Sì, perché un elemento forte di questo spettacolo è l’interazione col pubblico; interazione è però un termine che non descrive nemmeno bene il senso. Si tratta di un coinvolgimento emotivo, di una vera e propria condivisione del proprio sentire con quello rappresentato, di una partecipazione attiva, senza retorica e senza forzature, alla vita che scorre sul palco, drammatica, forte, mai fredda.
Ho trovato eccezionale l’accostamento di diversi livelli di linguaggio e rappresentazione: la storia dentro una storia, in un fluire dinamico e mai stantio; la musica; l’enorme forza espressiva dell’esprimersi per immagini; il simbolismo; la gestualità asciutta e dirompente.
Ci sono scene in cui tutto questo raggiunge un apice incredibile, da rimanere a bocca aperta e senza fiato.
La cattiveria dell’uomo, la brutalità , la disperazione prendono forma nei gesti, nelle parole e negli strumenti di scena volta a volta utilizzati.

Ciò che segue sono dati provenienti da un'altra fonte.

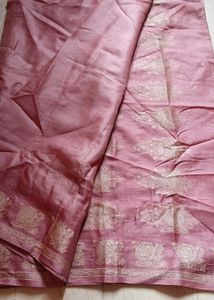 Beautifully Crafted Silk Saree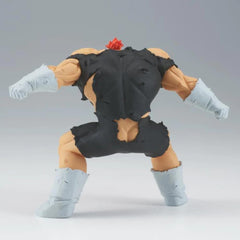 Banpresto Dragon Ball Z Recoome GXmateria articulation detail for posing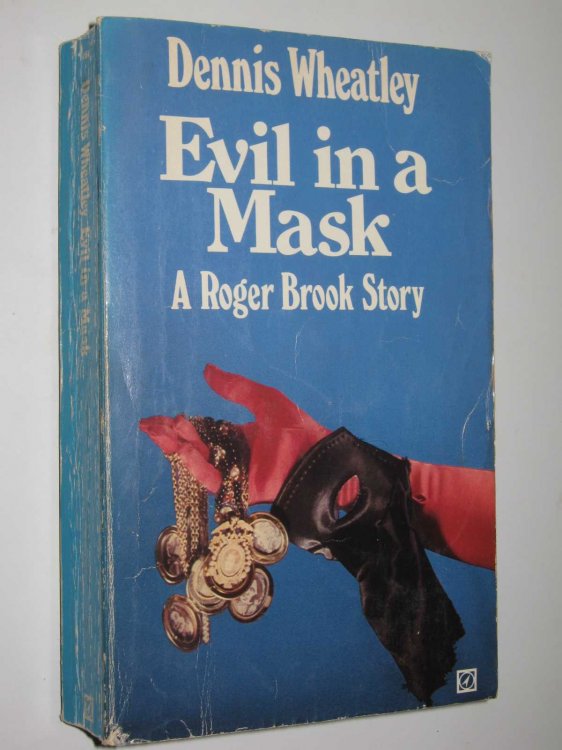 Evil in a Mask - Roger Brook Series #9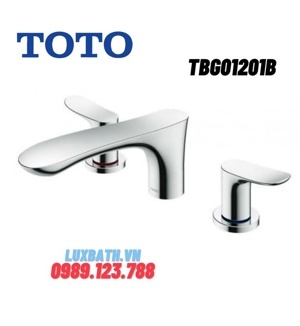 Vòi xả bồn nóng lạnh Toto TBG01201B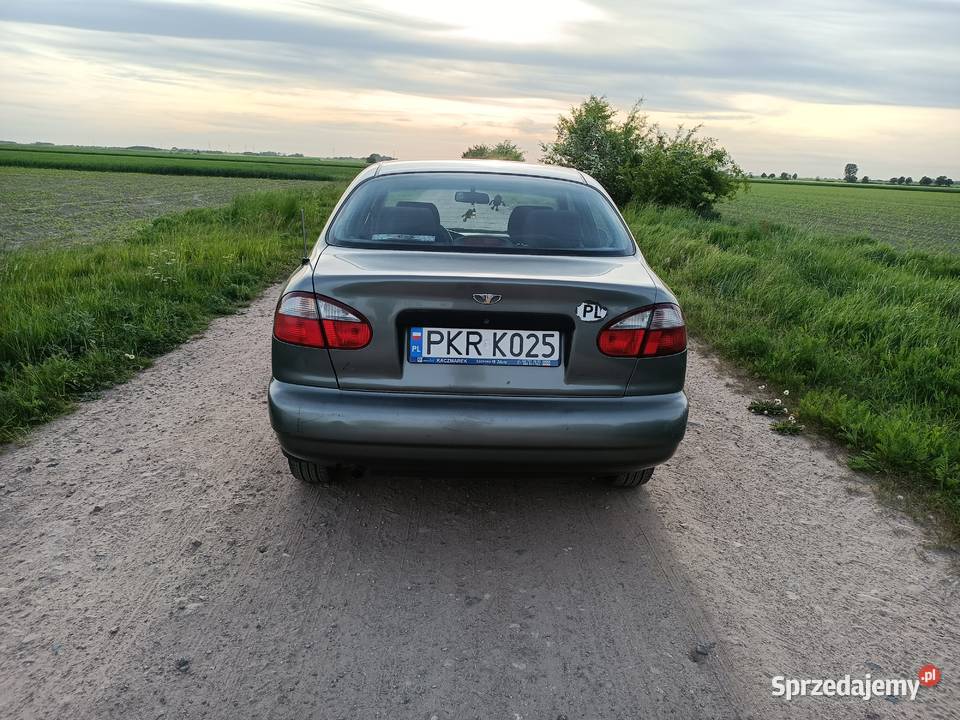 Daewoo Lanos 15 16V 2001 pierwszego właściciela Krotoszyn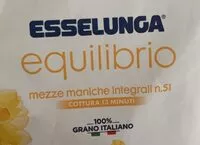 Mängden socker i Mezze maniche integrali n51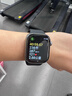 Apple/蘋果 Watch S11 智能手表GPS款42毫米深空灰色鋁金屬表殼黑色運動型表帶S/M MEUG4CH/B 曬單實拍圖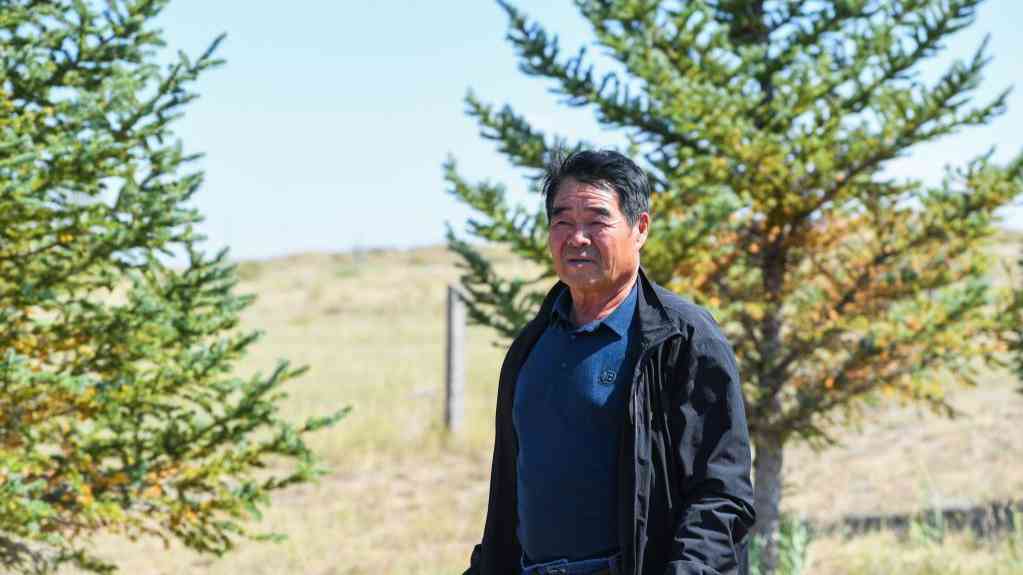 二十大代表风采丨廷·巴特尔:生态好牧民富是我的初心使命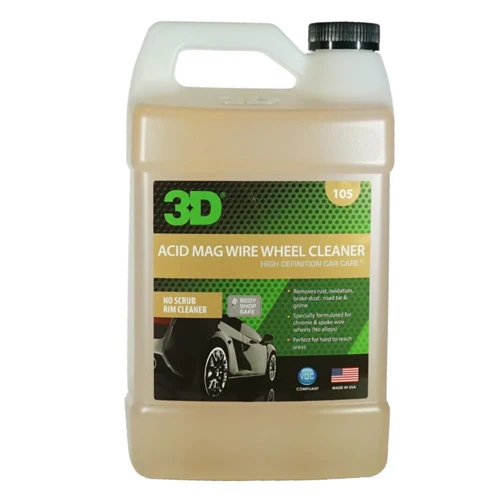 3D Acid Mag Wheel Cleaner 1 Gallon 3D Acid Mag Wheel Cleaner 1 Gallon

Un messaggio, sempre più chiaro, sempre più forte, viene lanciato per tutto lo spettacolo: “è il momento di incazzarsi, basta falsità. A chi serve questo letargo?”. Basta vivere nell’ipocrisia, è ora che le coscienze si risveglino; basta fingere di non vedere, omologarsi ad una società di plastica.
“C’è un vuoto, un vuoto di persona”. Basta con queste assurde morti causate dalla cattiveria, dall’ignoranza, dalla paura del diverso, dall’omofobia: “quel morto ci abita dentro…il suicidio è una sconfitta per tutti”.
“Oguno di noi ha una tomba da lucidare…vivi al quadrato, vivi al cubo”, si deve vivere anche per chi non c’è più.
Il Teatro di Ricci/Forte è espressione di un nuovo mondo, fatto delle stesse cose di quello vecchio, ma che oggi parlano un’altra lingua e indossano altri vestiti. Sono la voce di umanità che non riescono a dirsi, ma hanno bisogno di raccontarsi, che non trovano più spazio, che non hanno un posto assegnato nella nostra società, che vivono il rifiuto e sono precari della vita.
Utilizzano forme e linguaggi che potrebbero sembrare eccessivi, ma non lo sono: rappresentano esattamente la vita così come è: brutale, cruda, senza filtri, mordace.
Esasperazione ed eccesso sono solo il riflesso di una società esasperante ed eccessiva.
Gli attori, Anna Gualdo, Giuseppe Sartori, Fabio Gomiero, Liliana Laera e Francesco Scolletta sono strepitosi: sono loro là, sopra quel palco, ma non sono solo loro; sono quello che interpretano, ma non sono solo attori. Sono uomini e donne che credono in quello che fanno, che vivono il messaggio che lanciano; sono protagonisti di una realtà lacerata e lacerante che si mettono in prima persona in discussione.
Le loro figure e le loro prestazioni ricevono valore aggiunto dai bellissimi movimenti scenici curati da Marco Angelilli: gli attori sono in continuo movimento. Passi, corse, corpi che si inseguono, si accavallano, si uniscono, si attraggono e si respingono; fiati che si sentono respirare, cuori che si sentono battere.
Still Life (2013) è una denuncia del letargo intellettuale e sentimentale della nostra società: è il tentativo di risvegliare realmente le coscienze e viene vissuto dallo spettatore anche come un cammino che porta alla catarsi, alla liberazione da certi sentimenti e da certe paure, alla purificazione dal dolore, o, almeno, alla sua metabolizzazione.